The research team contends that it is both technically and economically possible to convert California's infrastructure to one powered by clean, renewable energy.

They outline their plan for a sustainable, inexpensive and reliable energy supply in the journal Energy.

"If implemented, this plan will eliminate air pollution mortality and global warming emissions from California, stabilize prices and create jobs -- there is little downside," lead author Mark Z. Jacobson, a Stanford professor of civil and environmental engineering, said in a statement.

The proposal will reportedly fulfill all of the state's transportation, electric power, industry, and heating and cooling energy needs with renewable energy by 2050.

The results take into account factors such as jobs created, land and ocean areas required, policies needed for infrastructure changes, as well as provides new estimates of air pollution mortality and morbidity impacts and costs based on multiple years of air quality data.

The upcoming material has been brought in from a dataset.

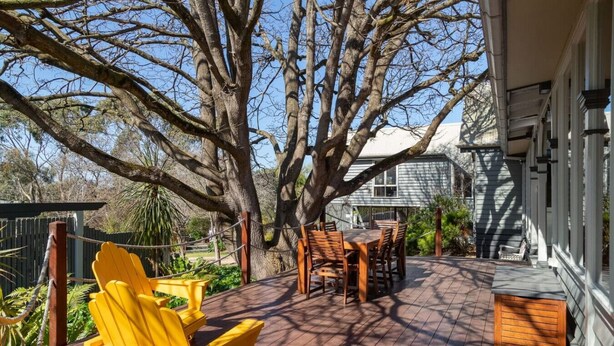 A wooden deck with a table and chairs, surrounded by trees and a house.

Particularly, wind, water and sun methods would be beneficial. At first they would increase costs, but eventually over time they would be more economical because they eliminate fuel costs - California's power demand would drop 44 percent.

On top of that, it would create 220,000 jobs, generate $12 billion in revenue annually and even reduce air pollution-related deaths by about 12,500 each year.

Other means of renewable energy described in the plan include wind turbines, geothermal plants and rooftop photovoltaic systems. According to the study, 55.5 percent of the state's energy would come from solar, 35 percent from wind and the remainder from a combination of hydroelectric, geothermal, tidal and wave energy.

"The technologies needed for a quick transition to an across-the-board, renewables-based statewide energy system are available today," said Anthony Ingraffea, a Cornell University engineering professor and study co-author. "Like New York, California has a clear choice to make: Double down on 20th-century fossil fuels or accelerate toward a clean, green energy future."